To this day I do not know how I got through with that first song that night. I do not even know whether I really sang it. But I think that, somehow, blindly, without knowing what I was doing, I did get through; I did sing it to the end. Habit, the way that I was used to it, I suppose, helped me to carry on. And when I left the stage the whole company, it seemed to me, was waiting for me. They were crying and laughing, hysterically, and they crowded around me, and kissed me, and hugged me, and wrung my hand.

It seemed that the worst of my ordeal was over. But in the last act I had to face another test.

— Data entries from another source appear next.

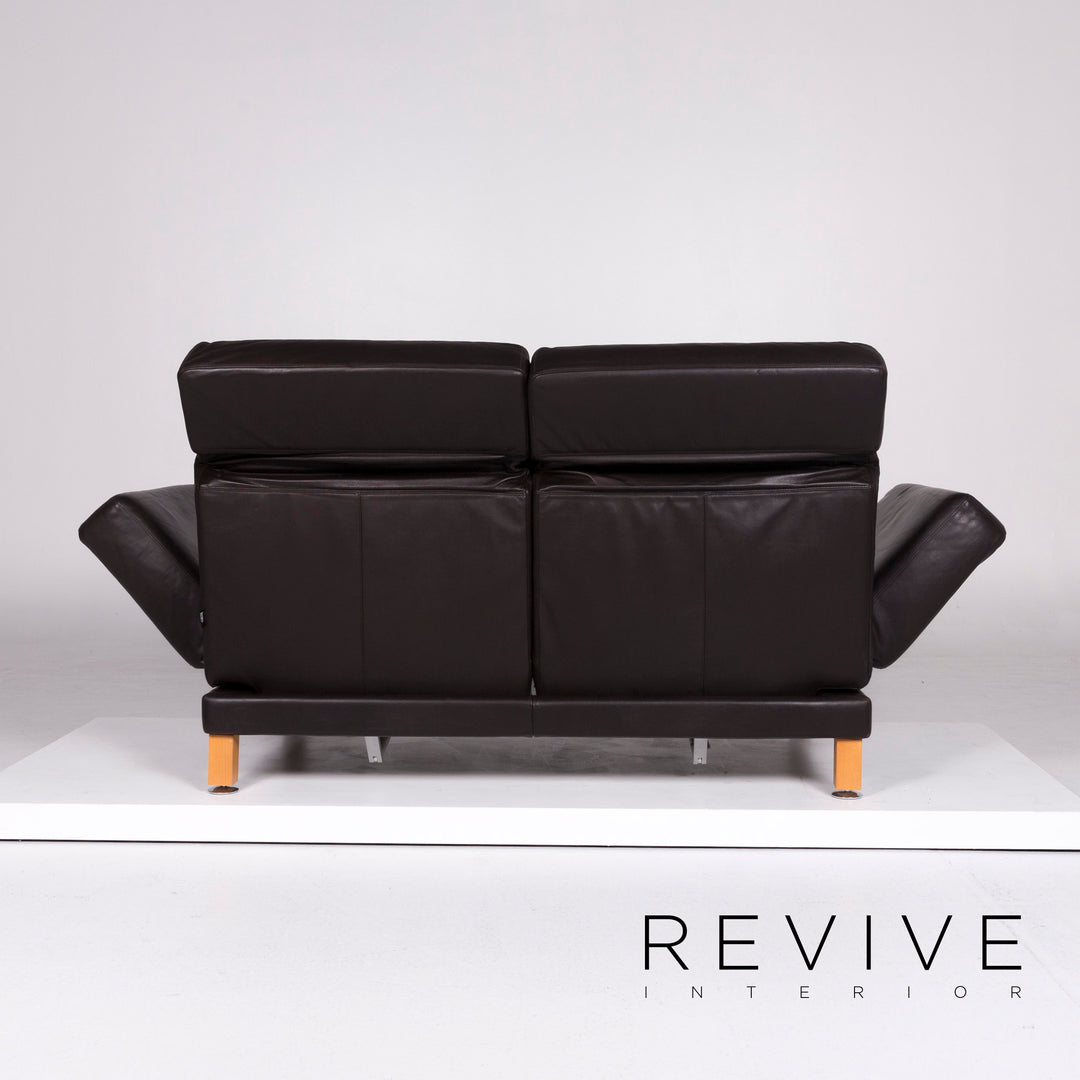 Brühl & Sippold Moule designer leather sofa brown two-seater including function #10354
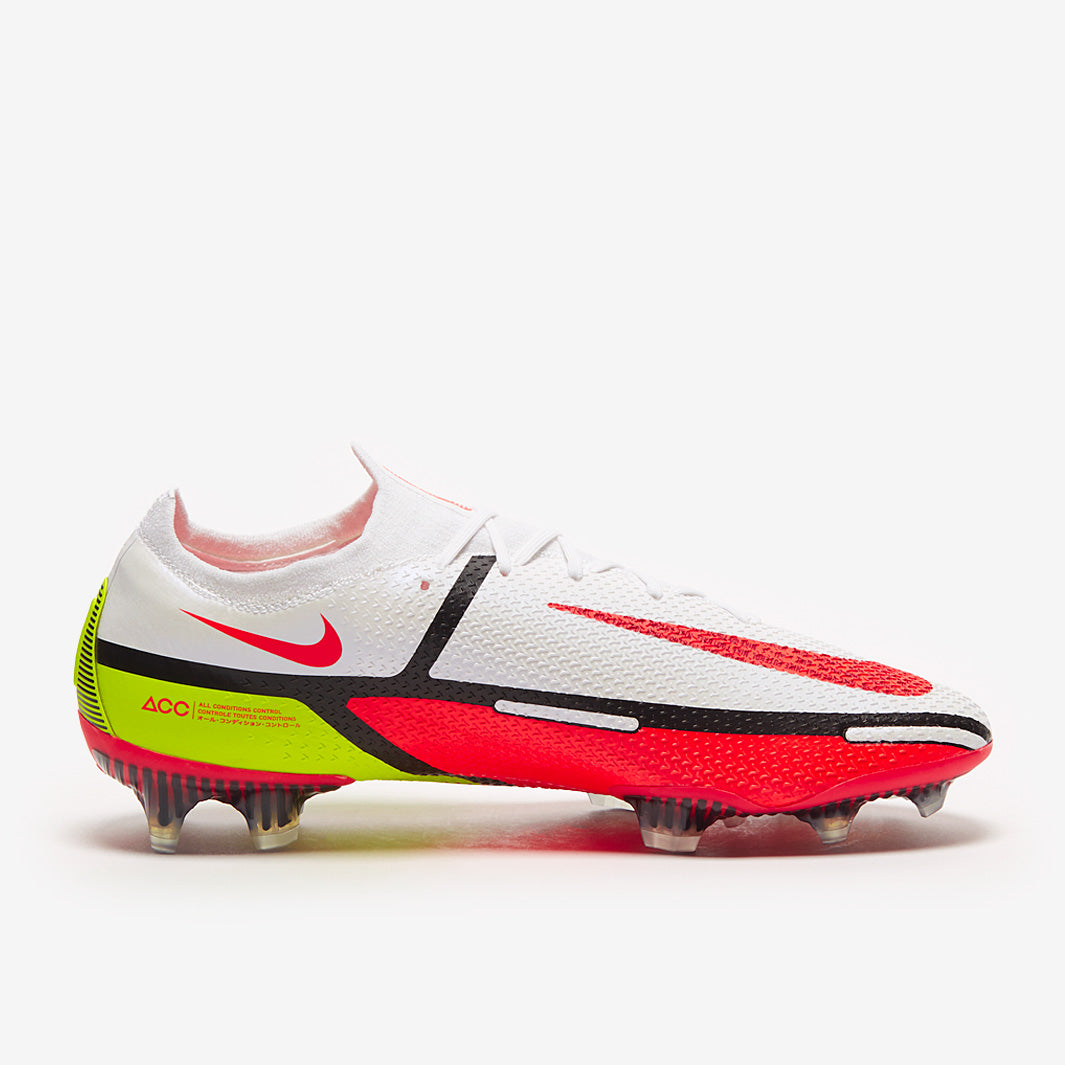 Nike Phantom GT II Elite FG Football Boots White/Bright Crimson/Volt-Black
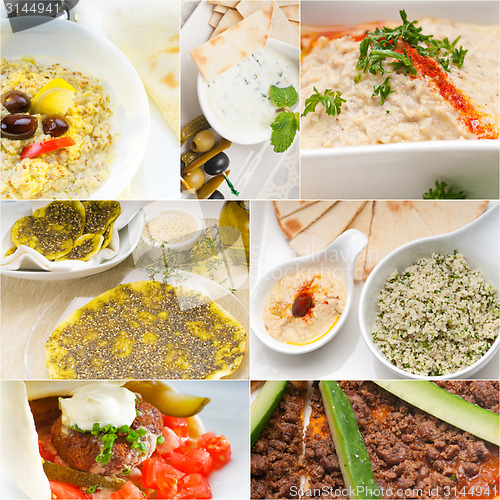 Image of Arab middle eastern food collage 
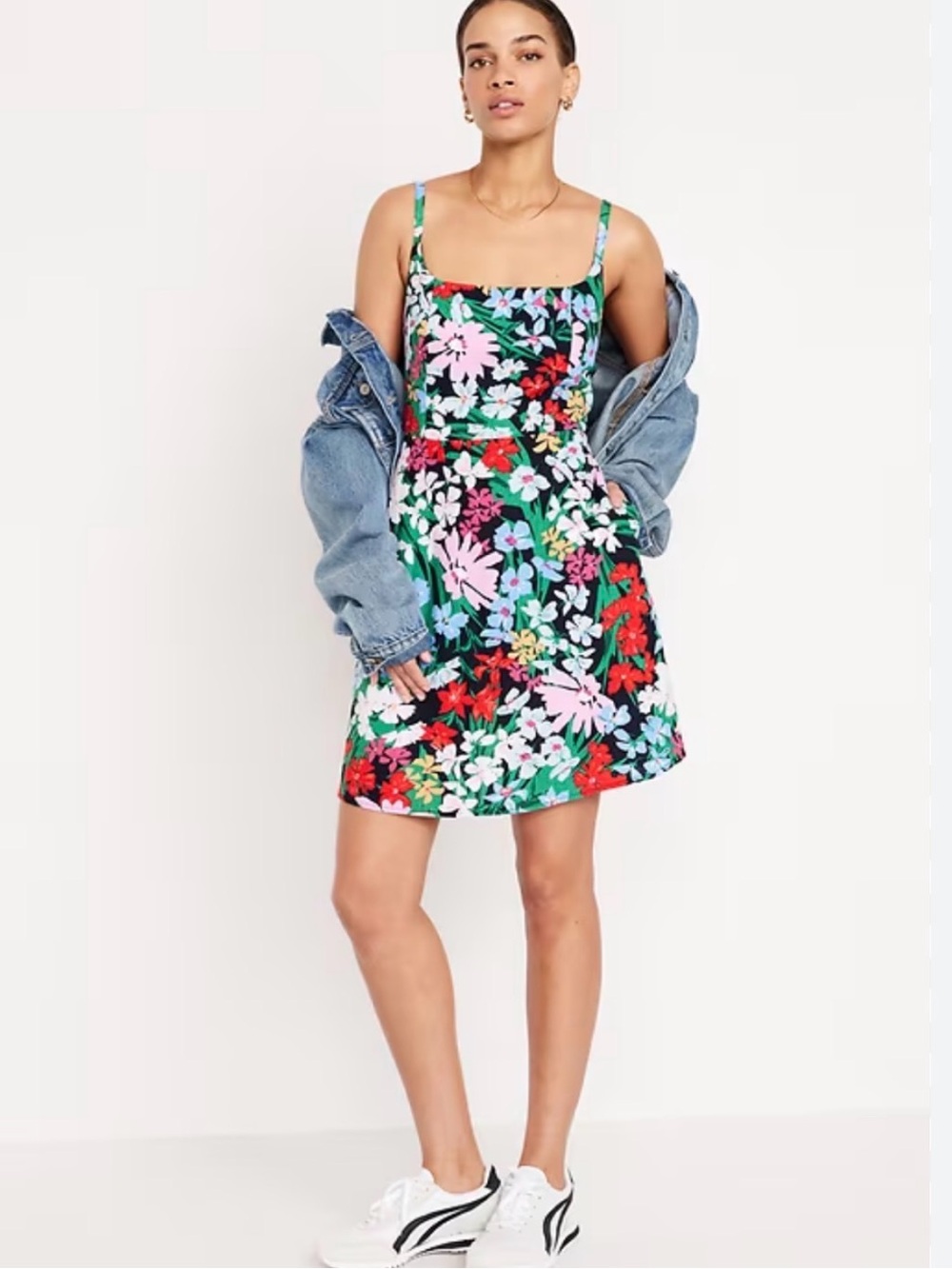 Old Navy 3X Floral linen Slip Dress with Adjustable Straps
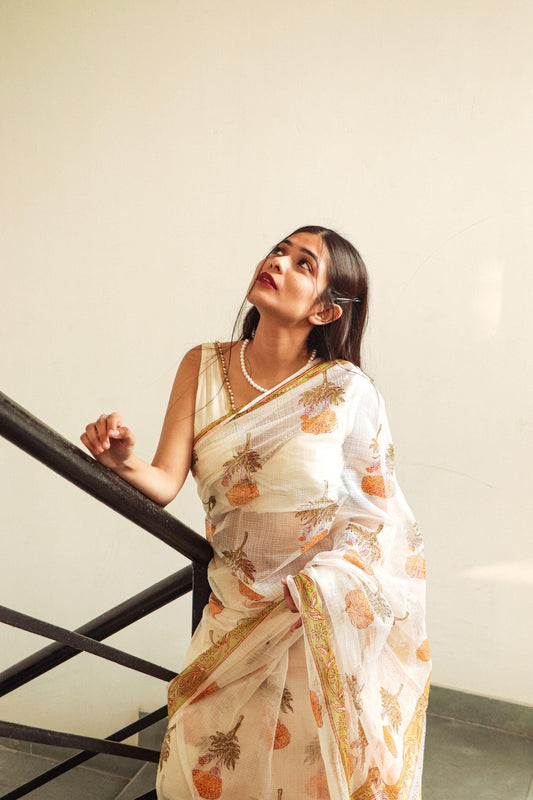 Evergreen printed Kota saree - Bagh- Genda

There was a song for me in that last act that was the great song in London that season. I have sung it all over America since then—"The Laddies Who Fought and Won." It has been successful everywhere—that song has been one of the most popular I have ever sung. But it was a cruel song for me to sing that night!

It was the climax of the last act and of the whole piece. In "Three Cheers" soldiers were brought on each night to be on the stage behind me when I sang that song. They were from the battalion of the Scots Guards in London, and they were real soldiers, in uniform. Different men were used each night, and the money that was paid to the Tommies for their work went into the company fund of the men who appeared, and helped to provide them with comforts and luxuries. And the War Office was glad of the arrangement, too, for it was a great song to stimulate recruiting.

There were two lines in the refrain that I shall never forget. And it was when I came to those two lines that night that I did, indeed, break down. Here they are :

"When we all gather round the old fireside And the fond mother kisses her son------"

Were they not cruel words for me to have to sing, who knew that his mother could never kiss my son again? They brought it all back to me ! My son was gone, he would never come back with the laddies who had fought and won!

For a moment I could not go on. I was choking. The tears were in my eyes, and my throat was choked with sobs. But the music went on, and the chorus took up the song, and between the singers and the orchestra they covered the break my emotion had made. And in a little space I was able to go on with the next verse, and to carry on until my part in the show was done for the night. But I still wondered how it was that they had not had to ring down the curtain upon me, and that Tom Vallance and the others had been right and I the one that was wrong.

A'weel, I learned that night what many and many another Briton had learned, both at home and in France—that you never know what you can do until you have to find it out. Yon was the hardest task ever I had to undertake, but for my boy's sake, and because they had made me understand that it was what he would have wanted me to do, I got through with it.

They rose to me again, and cheered and cheered after I had finished singing "The Laddies Who Fought and Won." And there were those who called to me for a speech, but so much I had to deny them, good though they had been to me, and much as I loved them for the way they had received me. I had no words that night to thank them, and I could not have spoken from that stage had my life depended upon it. I could only get through after my poor fashion, with my part in the show.

But the next night I did pull myself together, and I was able to say a few words to the audience —thanks that were simply and badly put, it maybe, but that came from the bottom of my overflowing heart.